Projects
Side work I keep coming back to. Each one started as something I wanted to use myself, then turned into a place to think out loud about agents, infrastructure, and the boring parts of shipping.
langgraph-rag-agent
Source ↗Multi-agent RAG over the LangChain Python docs. Five-node LangGraph with model routing: Haiku for verification, Sonnet for planning. The planner/verifier loop is cyclic — the planner sees the verifier's reason on rejection, so the second attempt is informed instead of identical.
A human-in-the-loop interrupt on SqliteSaver pauses execution one cycle before the budget runs out, with three resume paths (approve, rewrite, reject). Pydantic structured outputs keep the verifier honest; Langfuse traces sit on the driver for observability.
Deployed on AWS Lambda behind a key-throttled API Gateway. CI runs mocked pytest plus a 10-case real-API eval gate that calls Sonnet on every PR before promoting to Lambda.
LLM Shield
Source ↗Resilience proxy in front of a flaky upstream, built against the OpenAI API as the test target. The premise: I wanted to see how my own LLM integrations would behave when the provider has a bad day, and the only way to know was to put a layer between them.
Three patterns wired together from scratch. Idempotency keys in Redis so client retries don't duplicate upstream calls.
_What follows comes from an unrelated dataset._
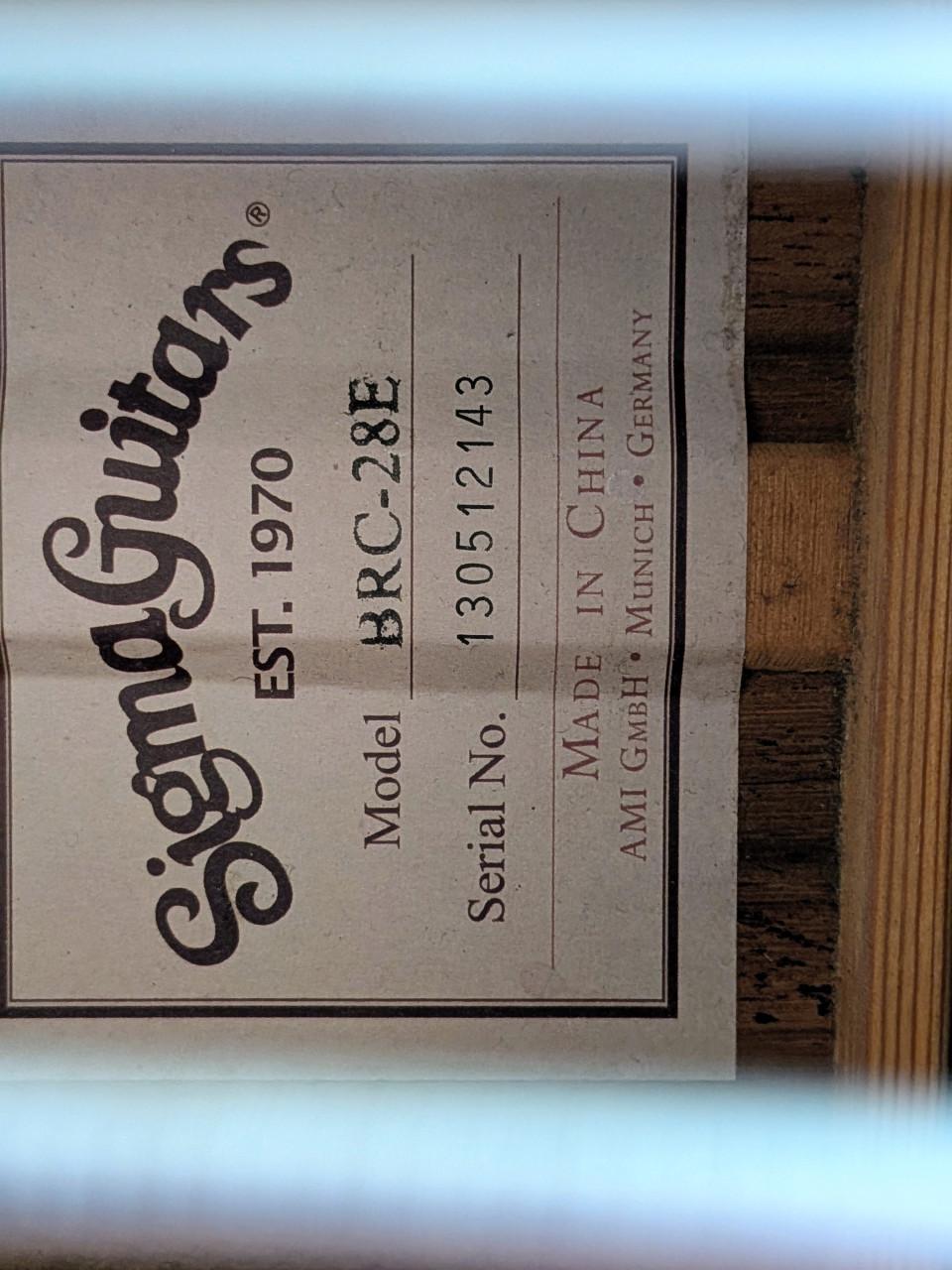 Sigma EST. 1970 akoestische basgitaar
Exponential backoff with jitter on transient errors. A circuit breaker that trips on an upstream error-rate threshold, fails fast while open, and tries a single probe before closing back.
The proxy speaks the OpenAI API verbatim, so existing clients point at it without code changes.
Holler
Source ↗Push-to-talk voice dictation for Linux. Whisper transcribes through Groq; an LLM step (Groq and OpenAI interchangeable) cleans spoken punctuation, handles bilingual translate-back, and does light rephrasing.
Hard-learned guardrails: skip on empty input, reject hallucinated length-ratio expansions, fall back to raw transcription on API failure. Versioned prompts by (mode, language); evals on a fixed test set replace vibes.
Runs about a dollar a month at daily use.
Roast My Repo
Source ↗Roast My Repo is a live serverless API that analyzes any public GitHub repository and returns a brutally honest, LLM-generated code review — the kind a senior engineer would give if they had zero filter.
The backend is a TypeScript Lambda deployed on AWS behind API Gateway, with cold-start times under 300ms. It fetches the repo tree, samples the most relevant files, and passes them to Groq's inference API for fast, structured critique.
The whole thing ships through a GitHub Actions pipeline I wrote from scratch — lint, test, build, deploy to Lambda — so every push to main hits production within two minutes.